BEGIN Dataset entries

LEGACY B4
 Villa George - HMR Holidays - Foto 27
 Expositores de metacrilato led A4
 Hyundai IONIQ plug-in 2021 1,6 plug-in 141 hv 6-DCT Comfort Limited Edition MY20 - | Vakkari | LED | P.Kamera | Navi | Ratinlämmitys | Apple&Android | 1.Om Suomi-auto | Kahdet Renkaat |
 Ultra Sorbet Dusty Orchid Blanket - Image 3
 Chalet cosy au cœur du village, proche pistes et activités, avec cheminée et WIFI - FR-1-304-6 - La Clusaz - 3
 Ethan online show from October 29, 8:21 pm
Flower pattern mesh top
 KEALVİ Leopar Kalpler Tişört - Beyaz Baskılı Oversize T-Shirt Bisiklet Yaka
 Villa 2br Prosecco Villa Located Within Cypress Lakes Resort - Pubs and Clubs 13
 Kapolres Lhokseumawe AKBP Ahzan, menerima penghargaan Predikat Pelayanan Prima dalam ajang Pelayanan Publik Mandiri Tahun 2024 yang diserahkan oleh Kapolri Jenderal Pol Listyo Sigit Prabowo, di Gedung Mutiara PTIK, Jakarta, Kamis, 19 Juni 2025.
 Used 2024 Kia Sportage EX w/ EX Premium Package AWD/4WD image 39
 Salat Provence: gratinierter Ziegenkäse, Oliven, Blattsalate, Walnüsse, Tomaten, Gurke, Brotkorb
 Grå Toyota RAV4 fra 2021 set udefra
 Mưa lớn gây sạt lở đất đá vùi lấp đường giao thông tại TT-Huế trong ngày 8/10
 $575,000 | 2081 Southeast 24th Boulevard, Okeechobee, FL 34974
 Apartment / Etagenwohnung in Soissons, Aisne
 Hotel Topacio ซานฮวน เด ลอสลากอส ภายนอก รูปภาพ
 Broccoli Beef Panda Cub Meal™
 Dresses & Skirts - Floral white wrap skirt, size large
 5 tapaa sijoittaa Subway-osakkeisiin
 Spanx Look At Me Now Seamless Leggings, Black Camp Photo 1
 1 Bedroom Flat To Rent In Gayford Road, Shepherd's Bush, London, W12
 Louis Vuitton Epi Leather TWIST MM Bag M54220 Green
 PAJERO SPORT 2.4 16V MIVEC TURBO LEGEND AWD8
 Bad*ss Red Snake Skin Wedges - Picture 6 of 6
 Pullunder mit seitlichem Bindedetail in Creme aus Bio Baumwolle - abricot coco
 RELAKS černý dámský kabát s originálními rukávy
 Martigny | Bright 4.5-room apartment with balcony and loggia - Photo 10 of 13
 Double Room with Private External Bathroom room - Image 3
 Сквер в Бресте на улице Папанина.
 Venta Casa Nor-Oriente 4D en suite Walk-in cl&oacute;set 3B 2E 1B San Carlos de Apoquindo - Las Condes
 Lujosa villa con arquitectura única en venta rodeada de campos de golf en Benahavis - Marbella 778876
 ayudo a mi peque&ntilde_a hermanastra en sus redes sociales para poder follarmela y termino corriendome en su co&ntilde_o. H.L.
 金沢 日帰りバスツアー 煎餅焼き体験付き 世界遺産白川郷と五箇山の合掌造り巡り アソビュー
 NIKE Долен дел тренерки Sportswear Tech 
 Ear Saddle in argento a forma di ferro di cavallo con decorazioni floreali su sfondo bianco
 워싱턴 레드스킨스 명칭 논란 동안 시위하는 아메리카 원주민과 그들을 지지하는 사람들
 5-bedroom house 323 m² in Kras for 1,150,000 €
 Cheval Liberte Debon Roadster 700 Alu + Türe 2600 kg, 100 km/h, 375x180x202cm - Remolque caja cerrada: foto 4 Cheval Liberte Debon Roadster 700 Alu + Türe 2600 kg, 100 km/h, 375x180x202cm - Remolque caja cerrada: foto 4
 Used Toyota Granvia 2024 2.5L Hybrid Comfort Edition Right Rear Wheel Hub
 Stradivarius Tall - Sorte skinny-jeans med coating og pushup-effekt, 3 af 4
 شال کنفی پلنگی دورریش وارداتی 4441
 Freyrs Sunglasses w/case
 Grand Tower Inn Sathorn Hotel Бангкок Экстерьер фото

END Dataset entries

Your task: Among the records above, extract exactly the lines from the line with "Okeechobee, FL 34974" to the line with "Bad*ss Red Snake", both lines included, and leave out the rest.

Response below:
 $575,000 | 2081 Southeast 24th Boulevard, Okeechobee, FL 34974
 Apartment / Etagenwohnung in Soissons, Aisne
 Hotel Topacio ซานฮวน เด ลอสลากอส ภายนอก รูปภาพ
 Broccoli Beef Panda Cub Meal™
 Dresses & Skirts - Floral white wrap skirt, size large
 5 tapaa sijoittaa Subway-osakkeisiin
 Spanx Look At Me Now Seamless Leggings, Black Camp Photo 1
 1 Bedroom Flat To Rent In Gayford Road, Shepherd's Bush, London, W12
 Louis Vuitton Epi Leather TWIST MM Bag M54220 Green
 PAJERO SPORT 2.4 16V MIVEC TURBO LEGEND AWD8
 Bad*ss Red Snake Skin Wedges - Picture 6 of 6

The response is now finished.